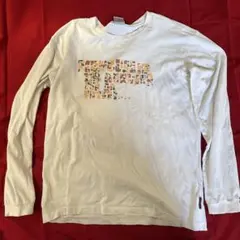 Item thumbnail for item 7bff3a4c-e195-4c31-8adb-7b5c65b08d1b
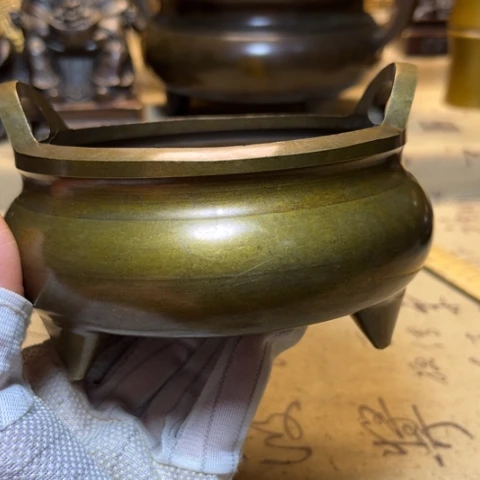 88888888888888888888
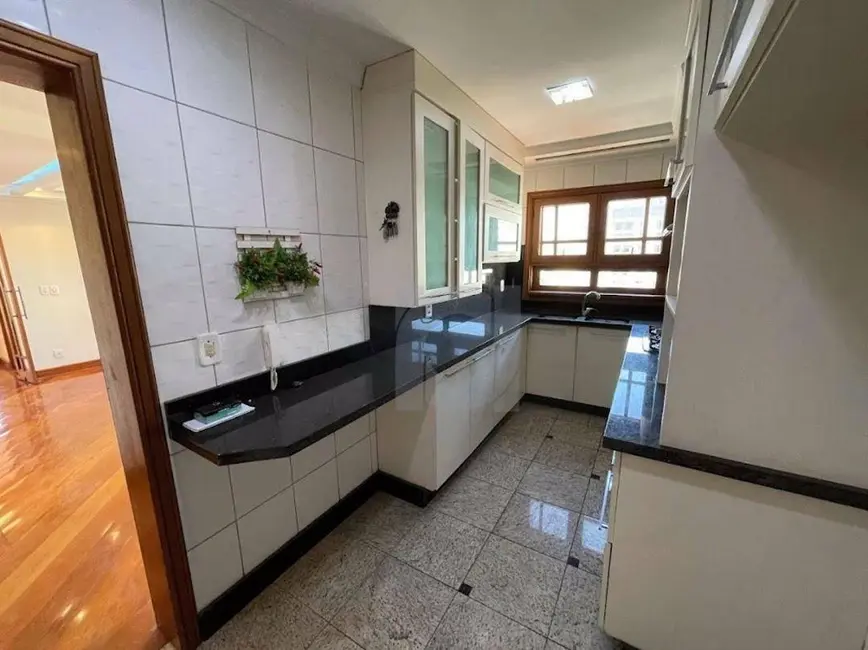 Foto 8 de Cobertura com 4 quartos à venda, 247m2 em Centro, Sao Leopoldo - RS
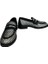 868 22 Kadın Loafer Ayakkabı 4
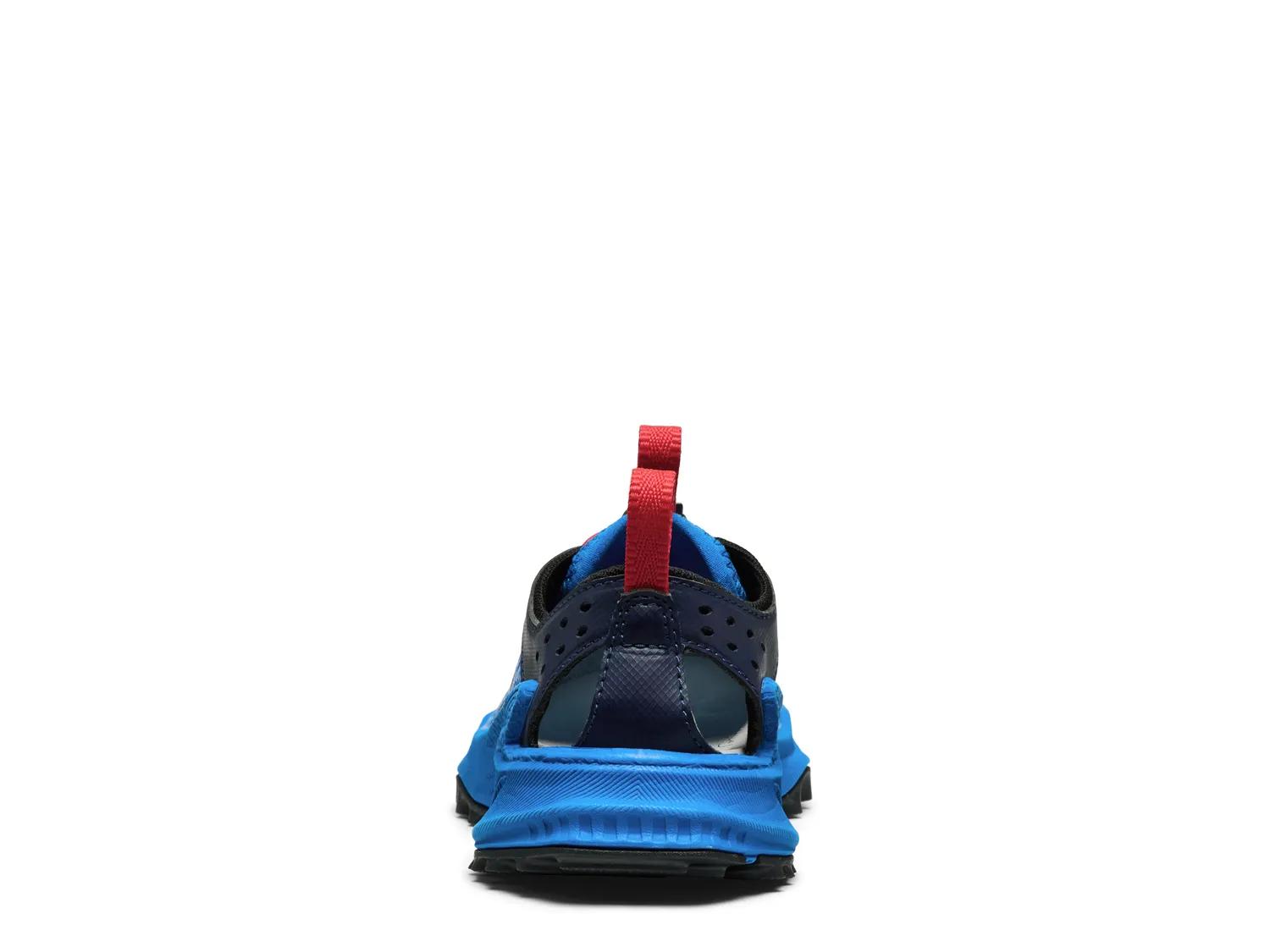 Zionic ADV Sneaker - Kids'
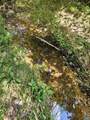 TBD James Anderson Hwy - Photo 10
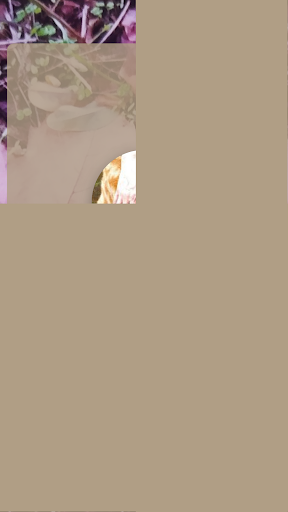 Maria Valentini Screen 2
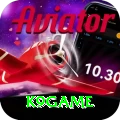 k9game Apps (Tools & Injectors) Premium v5.2.5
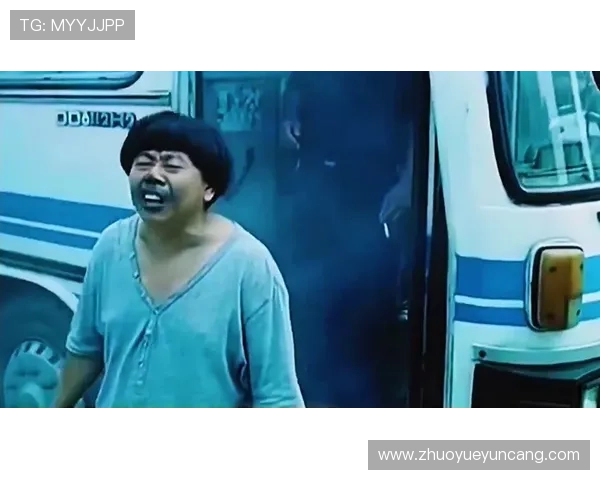 壹号娱乐05：明星动态、影视综艺最新热点一网打尽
-.-.-
The reply should repeat the data in full, exactly as given, and contain no pictures.

**Written solution**.
 Item thumbnail for item 7bff3a4c-e195-4c31-8adb-7b5c65b08d1b
 88888888888888888888
 Foto 8 de Cobertura com 4 quartos à venda, 247m2 em Centro, Sao Leopoldo - RS
 868 22 Kadın Loafer Ayakkabı 4
 Zionic ADV Sneaker - Kids'
 TBD James Anderson Hwy - Photo 10
 Maria Valentini Screen 2
 k9game Apps (Tools & Injectors) Premium v5.2.5
 壹号娱乐05：明星动态、影视综艺最新热点一网打尽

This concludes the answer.